Zastawa może być sterowana ręcznie lub latać w trybie automatyczny. Przy masie startowej 5,6 kg bezzałogowiec osiąga prędkość maksymalną 83 km/h i pułap około 1000 stóp (304 m). Długotrwałość lotu określono na maksymalnie 80 minut a promień działania to około 10 km, zależnie od ukształtowania terenu.
Szaleństwo, wielka tajemnica jest otwarta! Teraz Rosja się nie wykręci! Drony "Zastawa" Rosja przekazuje siłom DNR i LNR od 2015 roku. Żaden sekret z tego Rosjanie nie robią. Po tym wszystkim, w jakiś sposób trzeba uważać na bandytów Bendera.
Jak na razie jedynymi bandytami i terrorystami sa tam ci co ich wysyła Rosja wiec daruj sobie kremlowska propagandę.
Nie wygląda na ,,zestrzelony". Bardziej jak sprowadzony na ziemię.
Takie drony można kupić na ebayu...
Nie widzę problemu, tureckie drony latają nad Syrią i jest ok, to rosyjskie mogą latać nad Ukrainą :)
A ukraińskie nad Rosją
Czyli jak ktoś ci coś ukradnie to ty też możesz? Przynajmniej według twojej logiki, wyrazy współczucia.
Twoja inteligencja zniewala! Rőżnica jest taka,że w Syrii nikt nie kłamie o obecności turkőw.Odwrotnie ma się sytuacja w Donbasie tam rosjan nie ma przynajmniej według kremla? Już prościej się nie da! Chodź w twoim przypadku mam duże wątpliwości!
Ale Turcy się do tego przyznają. Nadal nie widzisz problemu ? To już twój problem
Rozumiem więc że popierasz bandyckie działania Rosji i napaść na Ukraine? Aha, od keidy Syria jest częscią Rosji ??

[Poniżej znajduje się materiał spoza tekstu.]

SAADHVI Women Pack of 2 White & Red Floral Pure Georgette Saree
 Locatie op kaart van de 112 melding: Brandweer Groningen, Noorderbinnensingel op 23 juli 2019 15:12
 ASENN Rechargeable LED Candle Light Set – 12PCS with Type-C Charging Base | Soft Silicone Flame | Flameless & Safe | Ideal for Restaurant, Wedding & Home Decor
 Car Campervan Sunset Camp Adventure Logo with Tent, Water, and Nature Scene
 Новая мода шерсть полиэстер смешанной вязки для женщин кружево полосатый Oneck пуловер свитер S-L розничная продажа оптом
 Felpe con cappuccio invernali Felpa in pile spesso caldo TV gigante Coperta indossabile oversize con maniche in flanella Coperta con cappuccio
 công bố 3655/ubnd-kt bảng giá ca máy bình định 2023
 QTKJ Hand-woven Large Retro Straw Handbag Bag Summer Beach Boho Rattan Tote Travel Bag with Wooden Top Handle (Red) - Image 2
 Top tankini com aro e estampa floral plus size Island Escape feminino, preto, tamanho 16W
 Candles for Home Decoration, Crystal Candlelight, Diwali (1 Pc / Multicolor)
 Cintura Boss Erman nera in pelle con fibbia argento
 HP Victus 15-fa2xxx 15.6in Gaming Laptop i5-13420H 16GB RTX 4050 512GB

To powinny USA drony latać nad Kremlem !
W 2014 roku nasz MON odrzucił propozycję zakupu Warmatów i Flyeyów gdyż nie widział potrzeby zastosowania tego typu broni w WP.
Jak mon miał odrzuci propozycję warmatów w 2014 jak jeszcze nie było co kupować. no i na szczęście dobra zmiana naprawiła to i kupila drony dla WP. A nie, przepraszam kupili tylko dla WOT
Mam wrażenie że ktoś zaczyna budować tam WRE i uczyć ukraińców stosowania selektywnych zakłóceń. Ciekawe kto
My to powinniśmy robić, przy okazji zdobywając cenne doświadczenie.
Myślę, że Ukraina ma teraz kartę przetargowa ws zwrotu Donbasu i Krymu. Taki sukces, że Ho Ho Ho
No przecież bo taki dron mozna kupić w każdym sklepie z dronami. Prawda?
Przy 2 milionach za sztukę? Heck sklepu.
Jak juz tam prorosyjscy terrorysci z Donbasu czołgi podobno kupowali...
Przecież taki samolocik to w każdym sklepie za rogiem można kupić.
Taki dron można kupić w każdym sklepie z militariami.
Bravo Rostech ROZMACH TECHNOLOGII
I do tego zbudowany na podstawie licencji:-)))
Super ptak
Taki bsl można kupić w każdym sklepie z bsl-ami. Rosja to stan umysłu. Oni zawsze kłamią. Fanklub powie, że wiatr go zniósł i że "ich tam niet". No i że Ukraina i USA to....
Równie samozwańcza jest republika Kosowa i oddziały NATO tam stacjonujące. :)
Równie samozwańcze są Abchazja i Osetia.
Oddziały NATO nie są samozwańcze a od końca wojny są pod mandatem ONZ (UNMiK). Wybory w Kosowie organizowało OBWE i brały w nich udział tysiące obserwatorów (w tym wielu Polaków). Polska uznała Republikę Kosowa już 9 dnia od ogłoszenia przez nią niepodległości.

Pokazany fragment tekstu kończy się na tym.